TULSA, Okla. (AP) _ From playing at the Colonial to winning two majors to complete the career Grand Slam on the LPGA Tour, Annika Sorenstam put her name in the record books during 11 amazing weeks of golf.
Her next project might be a scrap book.
Topping the list is the Colonial in May, when Sorenstam became the first woman in 58 years to compete on the PGA Tour. She hasn't had any time to soak up the moment because the Swede was too nervous during her two rounds, and then had to get ready for three LPGA majors.
Sorenstam is coming off a three-week break, which gave her a chance to reflect on her historic feats.
``On my floor I have all the news clippings and all the letters and everything that I received from people,'' Sorenstam said. ``I had a chance to look through some of them, and that's when everything comes back again. That's what I mean by catching up and absorbing, because it was the most special week I've ever had in golf.''
Now, it's time to move on.
Even after a banner year, Sorenstam came to the Tulsa Country Club this week to defend her title in the John Q. Hammons Hotel Classic, which she won last year by four shots.
``I still love to compete,'' Sorenstam said. ``That's why I'm here. I'm ready to go now.''
Twenty-five of the LPGA's top 30 money leaders are among the 144 players that begin the three-day 54-hole tournament Friday. That includes Se Ri Pak, Juli Inkster, Rosie Jones and Candie Kung, who will try to win her third straight LPGA event.
Kung, a 22-year-old in only her second year on the tournament, said ``everything came together'' in the last few weeks, particularly her putts inside 15 feet.
``Hopefully I'll be able to do it again this week,'' she said. ``But I'm not going to think about it.''
More than 9 inches of rain since last week have left the course sodden, but conditions were expected to improve by the opening round Friday.
For several players, it will be the final tune-up for the Solheim Cup next week in Sorenstam's native Sweden.
``I think I've been more nervous in Solheims than I have been in some of the majors I've played in because you don't want to let your team down,'' she said.
Sorenstam has done just fine in the majors this year.
She said she came close to fulfilling her goals by winning the LPGA Championship and the Women's British Open, where she beat Pak by one stroke. Those were the only two majors she had not won, and the British Open made her the sixth woman to complete the LPGA career Grand Slam.

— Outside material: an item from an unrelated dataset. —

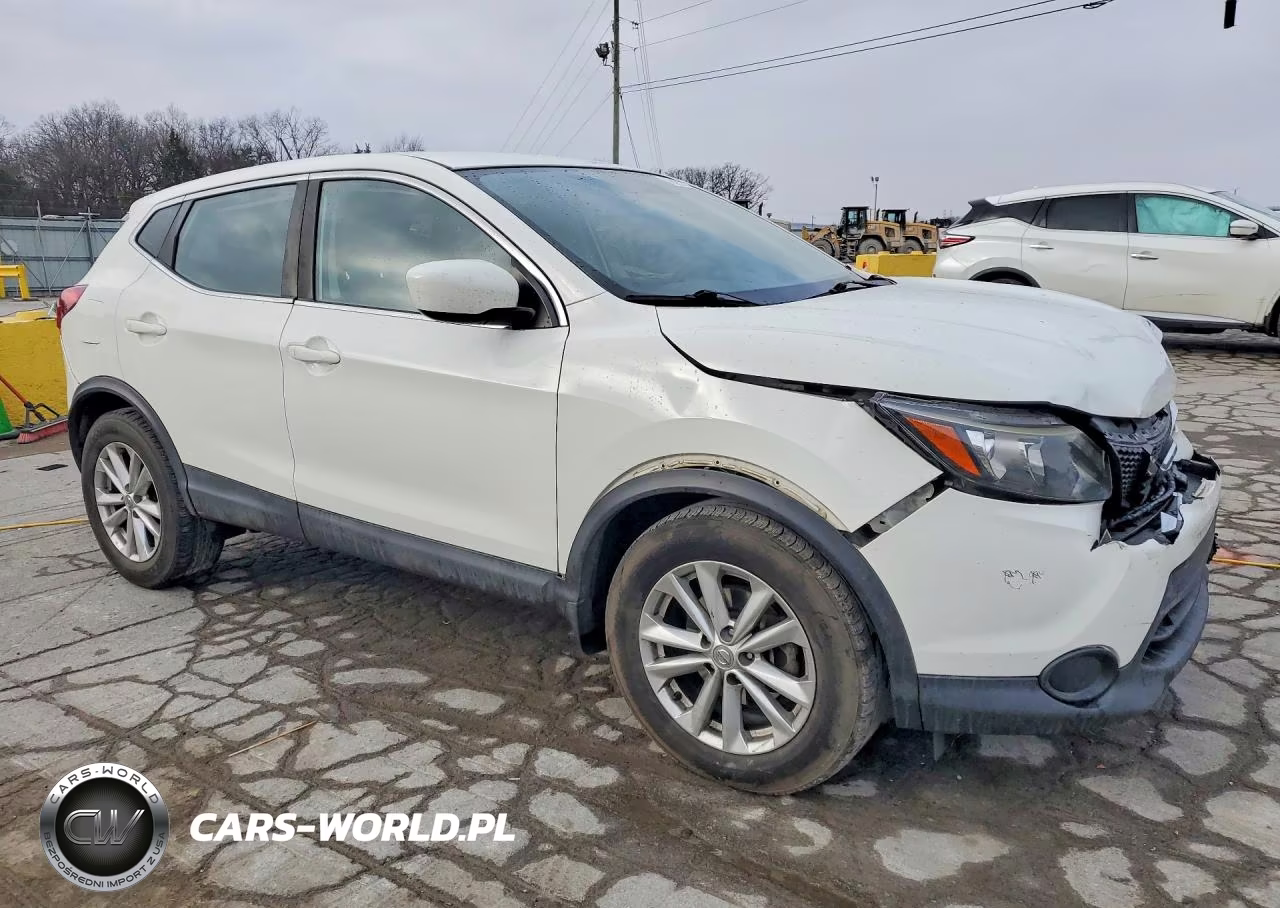 2017 Nissan Rogue Sport S VIN:JN1BJ1CP9HW018271 - 4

She won't repeat the Colonial because she wants to remember the experience ``for what it was.''
``I've come to a point in my career where I do feel kind of satisfied with what I've done. But a few more majors,'' she said, ``and then I'll be full.''
All she needs is three more tournaments and then she'll be in the Hall of Fame.
Sorenstam always saw that as something reserved for the end of a golfer's career. Here she is at age 32, not even at her prime, and she already has qualified. All she needs is 10 years on the LPGA Tour, which she will compete by playing in 15 tournaments.
``I don't think it has sunk in yet,'' she said, almost marveling at the thought of her forthcoming induction. ``Here I am reaching my peak, and here I'm going to be inducted by the end of the year. Obviously, I'm flattered. It's something I'm going to be very, very proud of.''
Her 15th event will be the Samsung World Championship outside Houston. Sorenstam official qualifies after the first round that week, which happens to be Oct. 9 _ her birthday.